“As I was walking among the fires of
hell, delighted with the enjoyments
of Genius, which to Angels look like
torment and insanity, I collected
some of their Proverbs.”
—William Blake, The Marriage of
Heaven and Hell
In Judaism, Sheol is the netherworld. Human beings descend there after death by God’s will— “The Lord brings death and makes alive; he brings down to the grave and raises up” (1 Samuel 2:6)— and may therefore ascend once again to the land of the living. Sheol is also Abaddon, the place of destruction, and the abyss of oblivion, the place concealed from humans, to which they have no access. Such ideas find even more acute expression in Greek mythology, where the World of the Dead is called by many names, including Hades, after the “invisible” god of the underworld. In this mythology, the souls of the dead belong to Hades, their ruler, who forbids them from leaving his kingdom. Any attempt to bring someone back from Hades is doomed to failure, as one recalls from the stories of Persephone and of Orpheus and Eurydice. Such myths leave the struggle between life and death undecided. Orpheus did manage to go down to the underworld and extract his loved one from there, but at the last moment he looked back and lost her forever. And the beautiful Persephone, the personification of fertility and abundance on earth, was abducted by Hades, who tricked her by feeding her some pomegranate seeds before letting her exit his kingdom. Since she tasted food in the underworld, she was obliged to return to it every winter, forever trapped between the kingdom of light and the bowls of the earth. What is a museum collection if not an underworld of art pieces kept, untouched, under the earth, like corpses, waiting for the eye of a curator-god to choose and bring them back to life, if only for a few months, before they are returned to the nether regions once again? The museum’s registrar may be likened to Charon, the ferryman of Hades who carries the souls of the newly deceased across the river Styx, which surrounds the world of the dead and divides it from the world of the living.

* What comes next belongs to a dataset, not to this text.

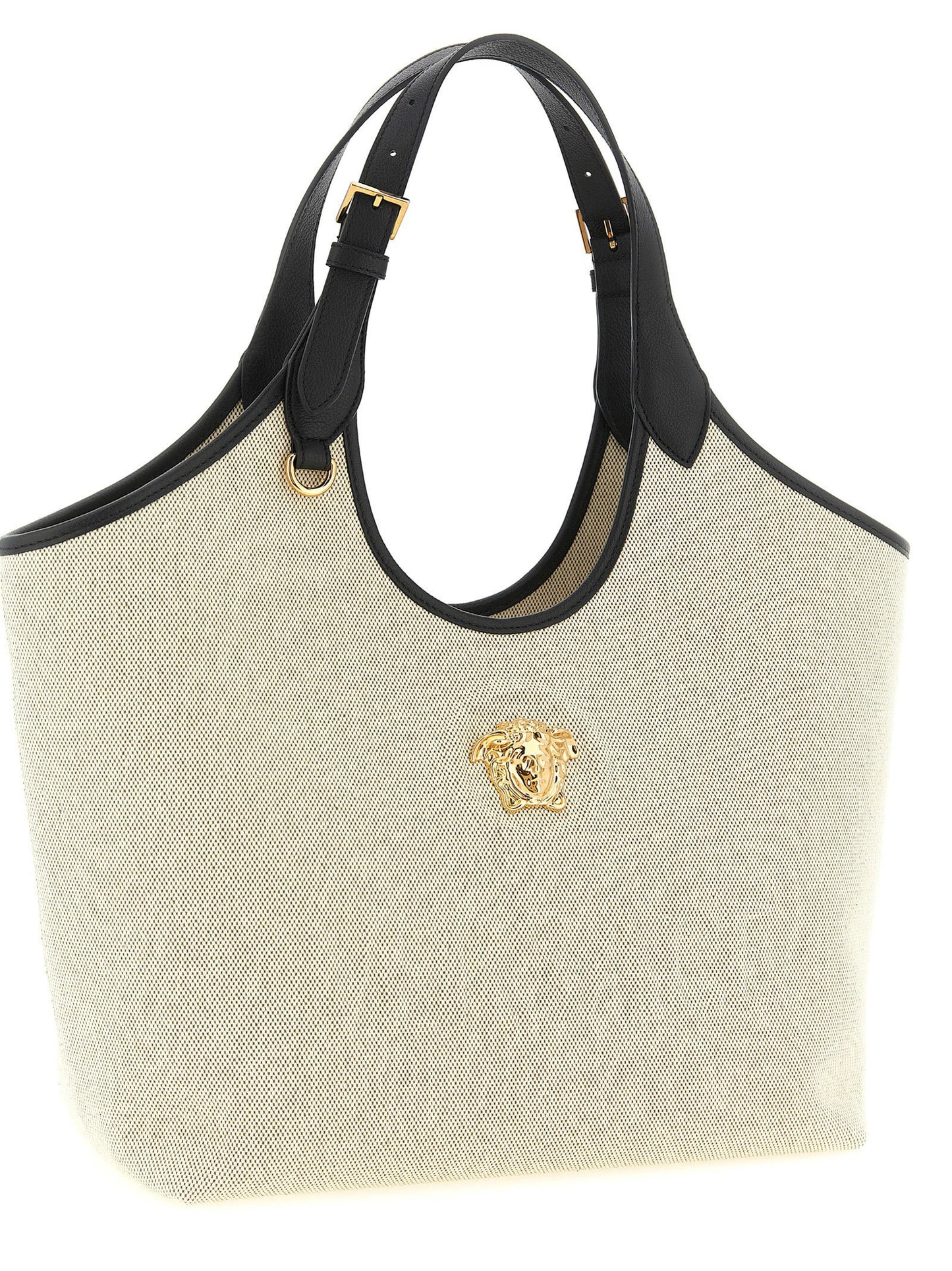 Versace Medium La Medusa Shopping Bag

Eden Auerbach-Ofrat’s new work explores this notion in two spaces: the museum’s permanent collection gallery and the hallway leading down to the collection’s storage rooms. In these works, as in her previous pieces, the world of mythology and the actual world are intertwined. Auerbach-Ofrat grouped works from the collection of the Petach Tikva Museum of Art and her video likens the gallery to a river bank which accompanies these works as they sail along the river Lethe—the river of forgetfulness, another of the rivers of the Greek underworld. On the river bank itself, the gallery’s floor, stand sculptures, as if awaiting their time to sail, too. Another video, screened in the hallway leading down to the collection’s storage rooms, presents the point of view of those who are sailing to Hades’ kingdom. Cerberus, the three-headed hound of Hades, moves back and forth on the river bank, deterring those arriving and standing guard against anyone leaving the collection cave. The aspiration of museums—ostensibly contrary to that of Hades, who jealously hangs on to his subjects—is to revitalize their collections, expose them to the light of day and breathe new contextual and interpretive life into them. However, they are also fearful lest the pieces in their collections be harmed in the process, for they are even more fragile in “death” than they were in life. Therefore, the wish to preserve them forever often trumps the desire to exhibit and return them to public and cultural consciousness. Auerbach-Ofrat refers to the two-way movement between the underground space (storage room) and the upper one (exhibition gallery), but does so from the point of view of the works of art. The onlookers become viewers in the full sense of the word, that is, viewers of a specter that is an inverted reflection of our world. We observe forgetfulness as if through the eyes of the sculptures, removed from either the forgetfulness or the historical memory of the collection’s storage rooms only to remain abandoned on shore.
Unlike other entities that inhabit the world invoked by Auerbach-Ofrat, we may decide whether to go out again into the light or remain in the darkness of the gallery and turn our gaze directly on the abyss of the culture consigned to oblivion here and now.